Marshall Graduates Find Success in Tight Labor Market

Employees with graduate and undergraduate degrees in business from the USC Marshall School of Business are in high demand as hiring surges.

11.25.21

It’s the obvious first question any prospective Marshall or Leventhal student asks: What kind of job will this degree lead me to?  

The answer: Any opportunities you can imagine. And to help students fulfill those opportunities, Marshall’s commitment includes an unrelenting focus on career pathways. 

“For anyone at Marshall who’s wondering where their career will go, be open to the possibilities because it could be beyond your wildest dreams,” said Nicole Linder ’06, who pivoted from business to housing policy and was this year tapped to work in the Biden Administration.  

From startups to the Big Four to the White House …and beyond, Marshall students achieve on any front they put their passions into. 

It’s part of a larger trend in hiring from top business schools, as demand for new employees continues to rise among the most sought-after firms, as the Wall Street Journal recently reported. 

The overall trend for business school alums is back up the experiences of recent Marshall MBA graduates with more than 94 percent of full-time MBA graduates reported employment 3-months post-graduation.  The top three industries include consulting, financial services, and technology.  Companies that hired Marshall full-time MBA graduates include Deloitte, EY, Goldman Sachs, Capital Group, Amazon, Google, Cisco, Microsoft, and Scopely.  Average salary for Marshall full-time MBA grads is approximately $131,000 with an average sign-on bonus of more than $29,000.

Read the complete 2021 Full Time MBA Employment report here.  

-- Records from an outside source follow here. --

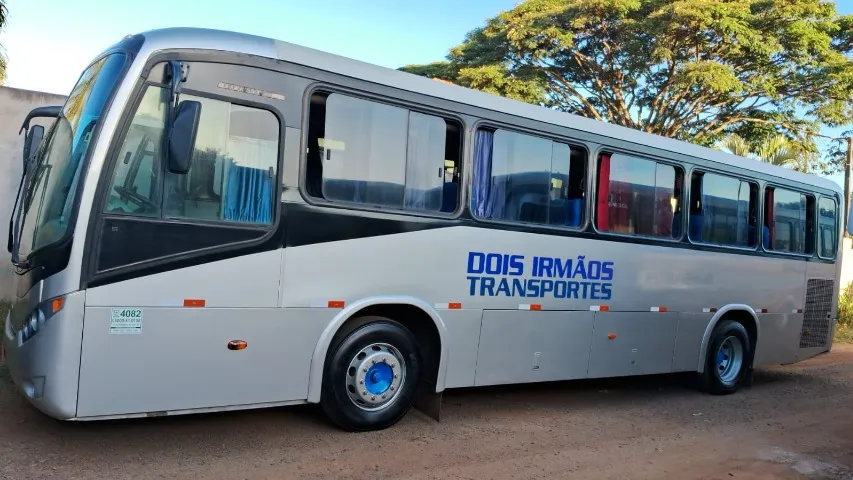 Ônibus de fretamento
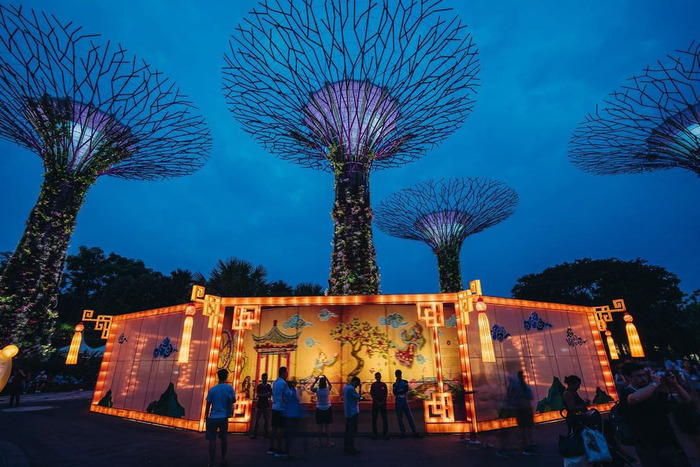 Lễ hội hoa đăng Singapore - Các mô hình đèn lồng lung linh dưới chân những ngọn cây đèn nhân tạo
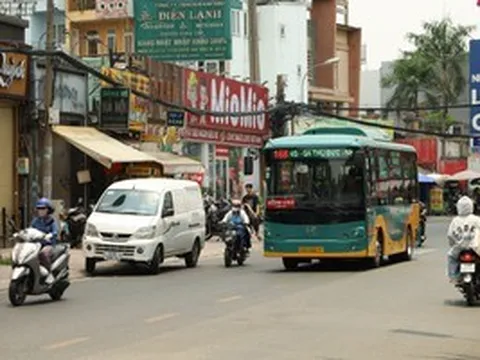 Đưa xe buýt vào tận ngõ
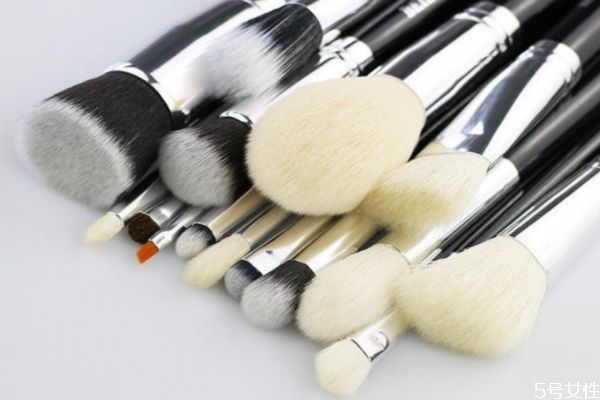 什么牌子的粉底刷最好,国货粉底液哪个牌子好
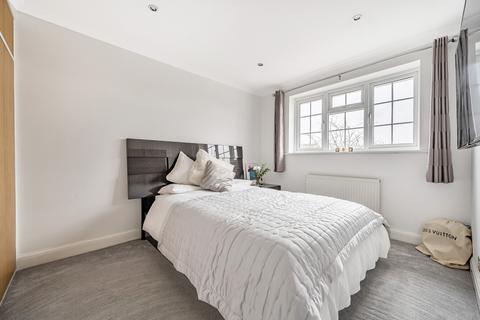 3 bedroom semi-detached house for sale, Furrow Way *, Maidenhead, Berkshire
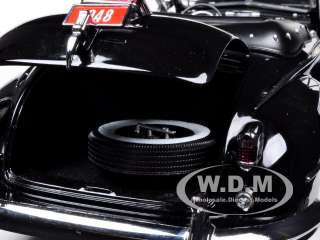 1948 CHRYSLER NEW YORKER CONVERTIBLE BLACK 118 BY SIGNATURE MODELS 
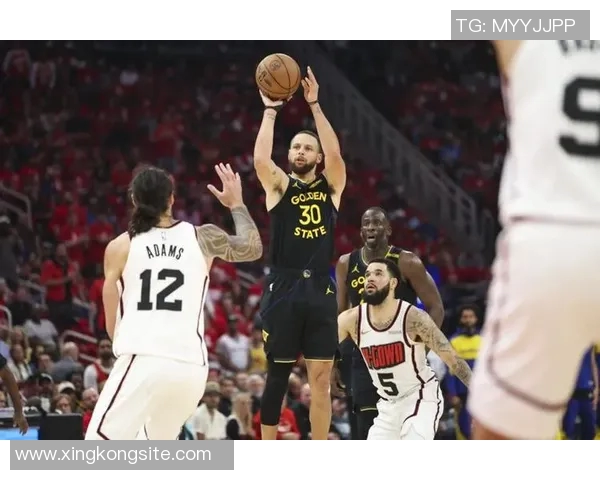 勇士在严控三巨头出场时间下逆袭湖人能否挑战时间老人夺冠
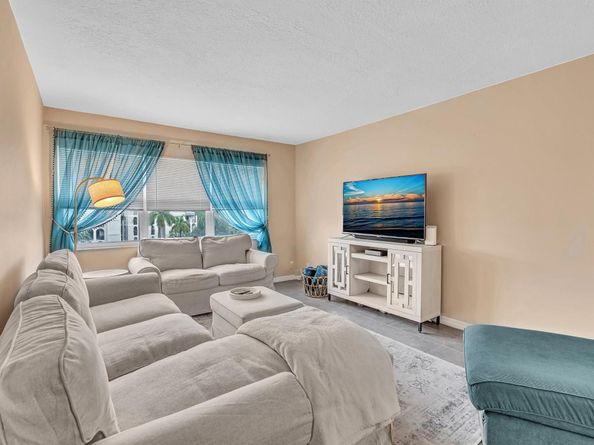 2555 NE 11th St 610, Fort Lauderdale FL 33304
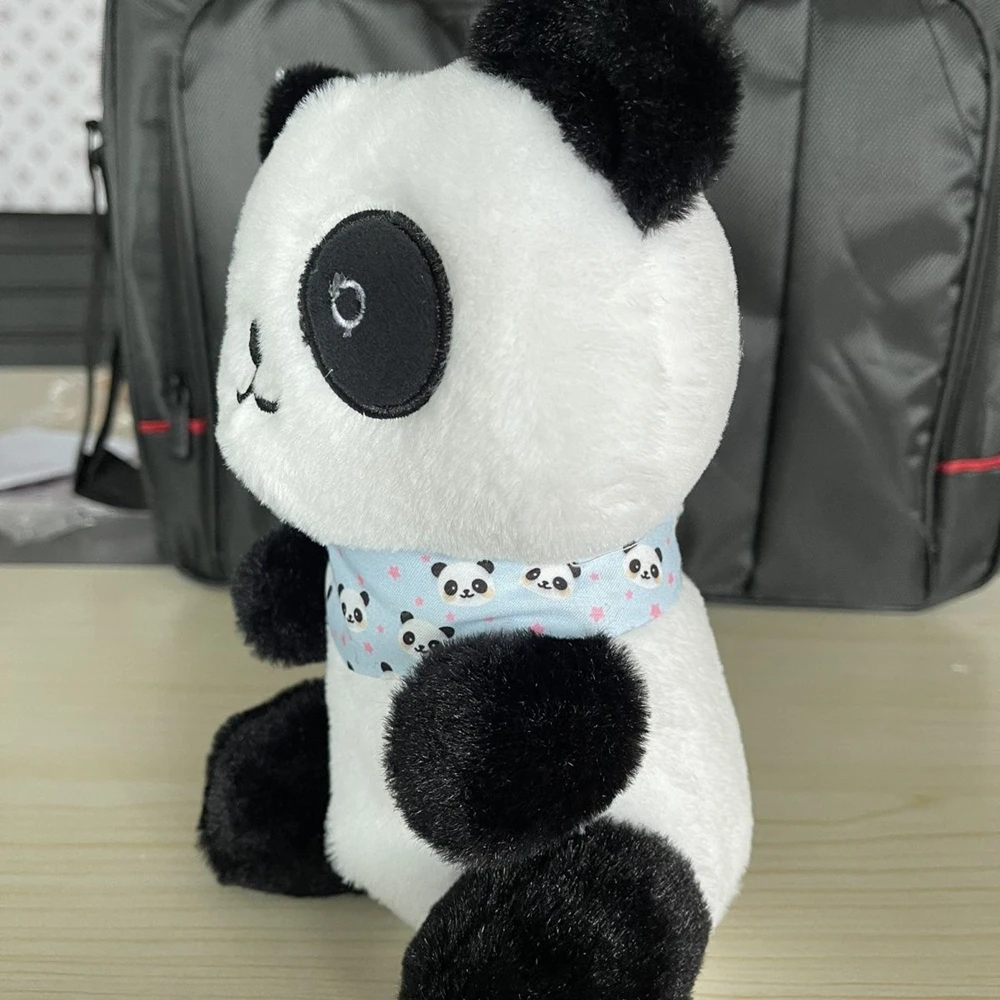 Brinquedo de pelúcia panda fofo para crianças Animal do tesouro nacional, cachecol de cabelo curto, boneca para dar presentes de aniversário, 26cm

Ensuring success in careers has been central to the school, not only for the full-time MBA program, but also for Marshall undergraduates. In recent years, Marshall has increased resources for students, including adding career advisors providing focused programming, as well as launching a new job platform (Handshake) that currently has more than 5,000 employers seeking business undergraduates. These efforts have led to a placement rate of 97.2% for our undergraduate business class of 2021 with an average salary of $72,800 and with 94.2% of the students engaged in an internship prior to graduation. 

As both business education and job markets evolve, Marshall will continue to identify opportunities and introduce new resources for its students. 

“Our students’ time at Marshall is the beginning of a journey that starts with essential classroom education,” said Marshall Dean Geoff Garrett, “but it extends far beyond the classroom to the Trojan network, real-world learning and career pathways that last a lifetime.”